Look through the data below for the line with "Reconocen a mezcales" and the line with "Traffic Cones, Safety", then transcribe exactly from the first through the second, leaving out all pictures.

● DATA SHOWN:
=== Begin Enclosure ===

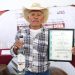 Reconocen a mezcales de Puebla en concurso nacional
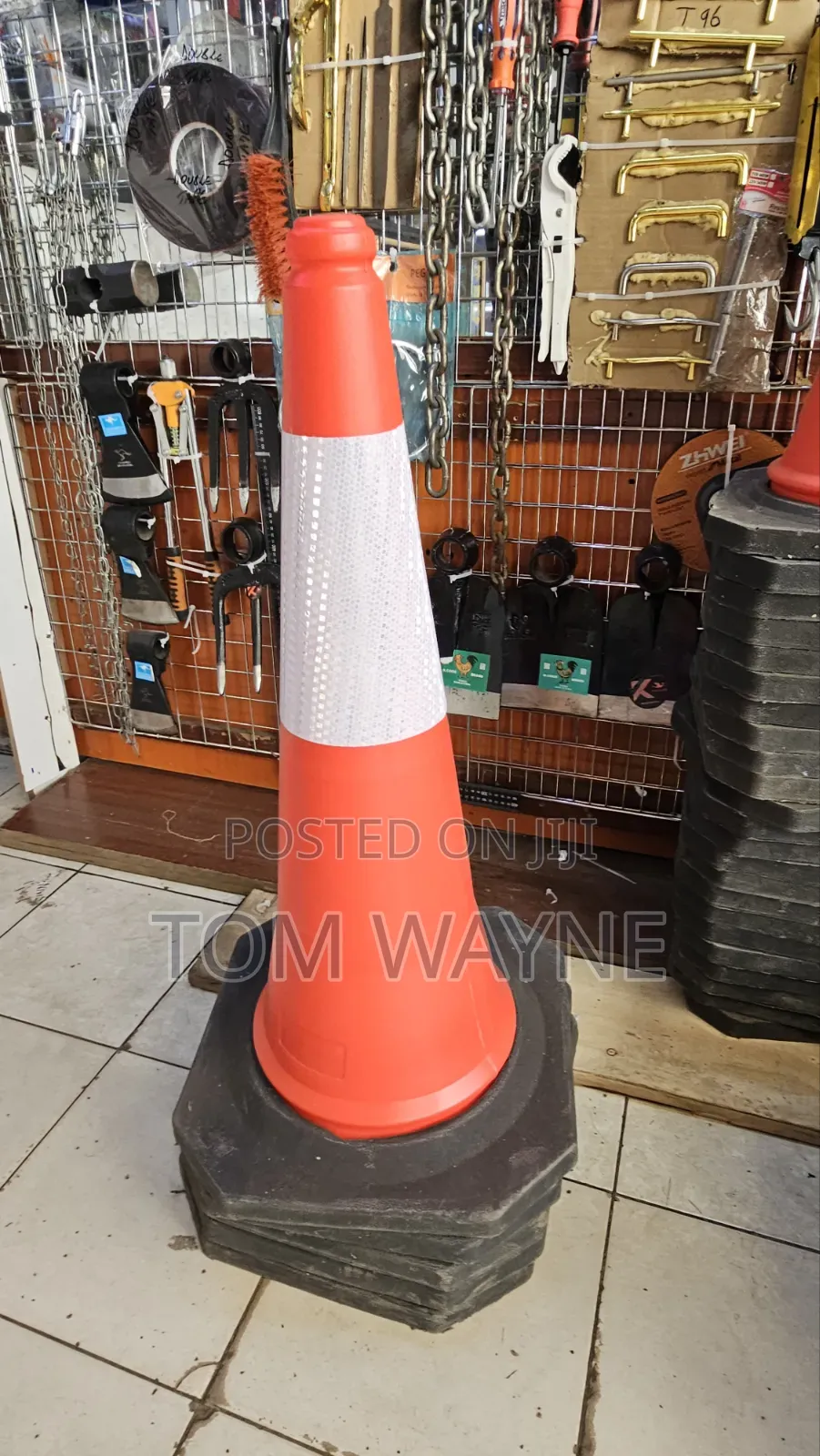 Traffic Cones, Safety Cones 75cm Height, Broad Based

=== End Enclosure ===
=== Begin Enclosure ===

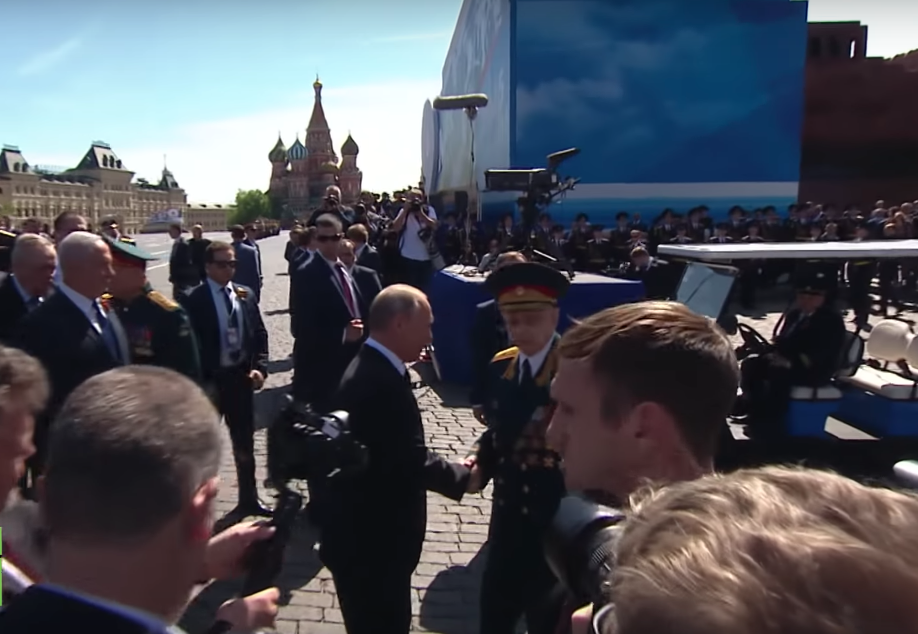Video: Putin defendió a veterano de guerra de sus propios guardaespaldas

=== End Enclosure ===

● YOUR RESPONSE:
 Reconocen a mezcales de Puebla en concurso nacional
 Traffic Cones, Safety Cones 75cm Height, Broad Based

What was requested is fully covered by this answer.